EXERCISE DESCRIPTION —
Please transcribe exactly, and only, the lines of the data below between the line holding "2022 Kia Carnival с пробегом 59 610 км" and the line holding "Used 2022 Tesla", inclusive.

EXERCISE MATERIALS —
________________________
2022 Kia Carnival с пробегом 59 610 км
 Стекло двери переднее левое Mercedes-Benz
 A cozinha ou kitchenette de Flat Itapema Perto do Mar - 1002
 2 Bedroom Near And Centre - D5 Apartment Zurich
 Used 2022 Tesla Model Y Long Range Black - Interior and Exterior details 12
________________________
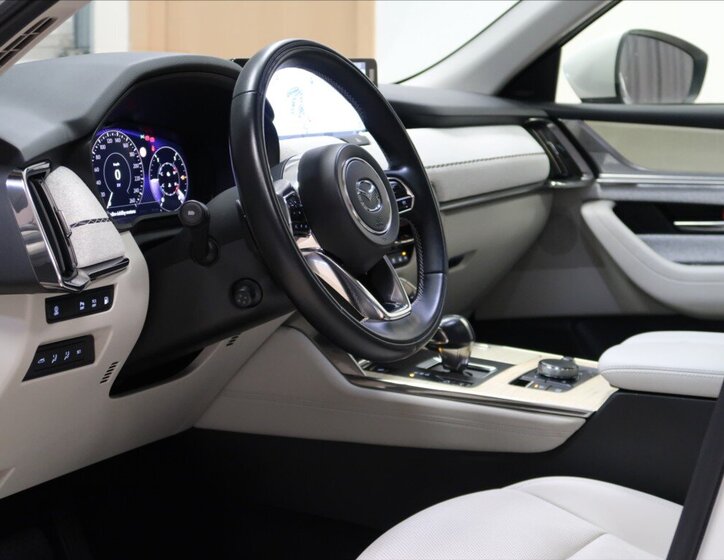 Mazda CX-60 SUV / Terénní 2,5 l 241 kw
________________________
RESPONSE —
2022 Kia Carnival с пробегом 59 610 км
 Стекло двери переднее левое Mercedes-Benz
 A cozinha ou kitchenette de Flat Itapema Perto do Mar - 1002
 2 Bedroom Near And Centre - D5 Apartment Zurich
 Used 2022 Tesla Model Y Long Range Black - Interior and Exterior details 12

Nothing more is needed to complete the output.